6. Upon this speech of Titus, the rest of the multitude were afrighted at
so great a danger. But there was one, whose name was Sabinus, a soldier
that served among the cohorts, and a Syrian by birth, who appeared to be
of very great fortitude, both in the actions he had done, and the courage
of his soul he had shown; although any body would have thought, before he
came to his work, that he was of such a weak constitution of body, that he
was not fit to be a soldier; for his color was black, his flesh was lean
and thin, and lay close together; but there was a certain heroic soul that
dwelt in this small body, which body was indeed much too narrow for that
peculiar courage which was in him. Accordingly he was the first that rose
up, when he thus spake: “I readily surrender up myself to thee, O Caesar;
I first ascend the wall, and I heartily wish that my fortune may follow my
courage and my resolution And if some ill fortune grudge me the success of
my undertaking, take notice that my ill success will not be unexpected,
but that I choose death voluntarily for thy sake.” When he had said this,
and had spread out his shield over his head with his left hand, and had,
with his right hand, drawn his sword, he marched up to the wall, just
about the sixth hour of the day. There followed him eleven others, and no
more, that resolved to imitate his bravery; but still this was the
principal person of them all, and went first, as excited by a divine fury.
Now those that guarded the wall shot at them from thence, and cast
innumerable darts upon them from every side; they also rolled very large
stones upon them, which overthrew some of those eleven that were with him.

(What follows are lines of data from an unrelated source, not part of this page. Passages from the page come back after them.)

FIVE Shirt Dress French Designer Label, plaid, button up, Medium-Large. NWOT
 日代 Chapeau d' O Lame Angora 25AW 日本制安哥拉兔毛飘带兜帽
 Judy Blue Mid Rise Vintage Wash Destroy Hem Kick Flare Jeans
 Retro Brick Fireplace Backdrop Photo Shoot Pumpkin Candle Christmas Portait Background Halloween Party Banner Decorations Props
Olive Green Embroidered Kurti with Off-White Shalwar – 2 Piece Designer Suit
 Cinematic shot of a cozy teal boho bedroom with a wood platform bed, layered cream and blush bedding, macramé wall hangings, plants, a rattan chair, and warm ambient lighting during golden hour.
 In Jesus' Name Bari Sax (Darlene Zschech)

But as for Sabinus himself, he met the darts that were cast at him and
though he was overwhelmed with them, yet did he not leave off the violence
of his attack before he had gotten up on the top of the wall, and had put
the enemy to flight. For as the Jews were astonished at his great
strength, and the bravery of his soul, and as, withal, they imagined more
of them had got upon the wall than really had, they were put to flight.
And now one cannot but complain here of fortune, as still envious at
virtue, and always hindering the performance of glorious achievements:
this was the case of the man before us, when he had just obtained his
purpose; for he then stumbled at a certain large stone, and fell down upon
it headlong, with a very great noise. Upon which the Jews turned back, and
when they saw him to be alone, and fallen down also, they threw darts at
him from every side. However, he got upon his knee, and covered himself
with his shield, and at the first defended himself against them, and
wounded many of those that came near him; but he was soon forced to relax
his right hand, by the multitude of the wounds that had been given him,
till at length he was quite covered over with darts before he gave up the
ghost. He was one who deserved a better fate, by reason of his bravery;
but, as might be expected, he fell under so vast an attempt. As for the
rest of his partners, the Jews dashed three of them to pieces with stones,
and slew them as they were gotten up to the top of the wall; the other
eight being wounded, were pulled down, and carried back to the camp. These
things were done upon the third day of the month Panemus [Tamuz].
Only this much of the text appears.